イラク決議で最終調整へ―3国首脳会談
武力行使の流れ決める
【テルセイラ島(ポルトガル領アゾレス諸島)16日時事】ブッシュ米大統領は十六日、大西洋にあるポルトガル領アゾレス諸島のラジェス米空軍基地で、ブレア英首相、アスナール・スペイン首相と会談する。三国が共同提案している対イラク武力行使容認の国連安保理決議案への対応について最終調整を図るとともに、イラクの武装解除実現に向けた三国の協調関係をアピールするのが目的。
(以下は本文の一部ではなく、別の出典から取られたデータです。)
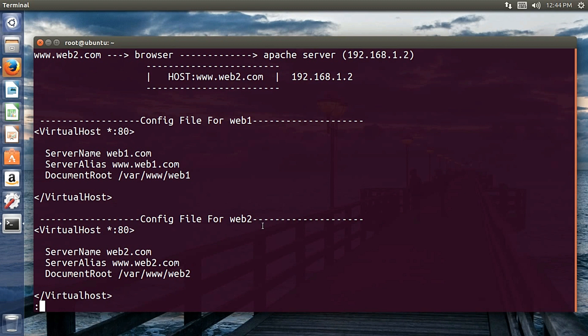This is how multiple website hosting works on a single IP address. Hope you guys enjoyed the video — thanks for watching, don't forget to like and subscribe!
今回の首脳会談は、イラク問題をめぐる「外交局面の最終章」と位置付けられ、会談結果が武力行使の流れを決めると言っても過言ではない。
決議案については、フランスが拒否権行使の意向を示し、安保理での採択に必要な九カ国の支持獲得のめども立っていない。このため、米国内では、ブッシュ大統領が既に決議なしの武力行使の意向を固め、近くイラクへの最後通告に踏み切るとの見方も出始めている。
一方、イラク攻撃反対の国内世論の圧力を受けるブレア首相は、首脳会談で、新決議採択を追求する姿勢を改めて強調するとみられる。スペイン国内にも決議採択を求めるべきだとの声が強く、アスナール首相もブッシュ大統領に一定の譲歩を求める見込み。ブッシュ大統領がブレア首相らの意向を受け入れ、決議採択に道を開くため、イラク武装解除の最終期限延長など一定の譲歩を示すかどうかが焦点だ。
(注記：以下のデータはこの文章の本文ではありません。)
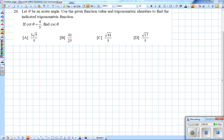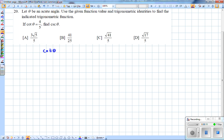Let theta be an acute angle. Use the given function value and trig identities to find the indicated trig function. Since I am working with cotangent and cosecant, the identities are: cotangent is 1 over tangent of theta, or the reciprocal of tangent. Cosecant is associated with sine, being the reciprocal of sine.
しかし、米政府は、安保理「中間派」のチリが示した三、四週間の最終期限延長案を「協議の対象にならない」と一蹴(いっしゅう)するなど、中間派六カ国との妥協が成立する見通しもない。安保理常任理事国のフランスは、米英が再修正案を出した場合でも、拒否権を行使する構えだ。
こうしたことから、三首脳が、期限を数日間延長したとしても最終的に決議採択は困難と判断し、決議案の取り下げを決断する可能性も排除できない。その場合、イラク攻撃に向け一気に緊迫した事態となる。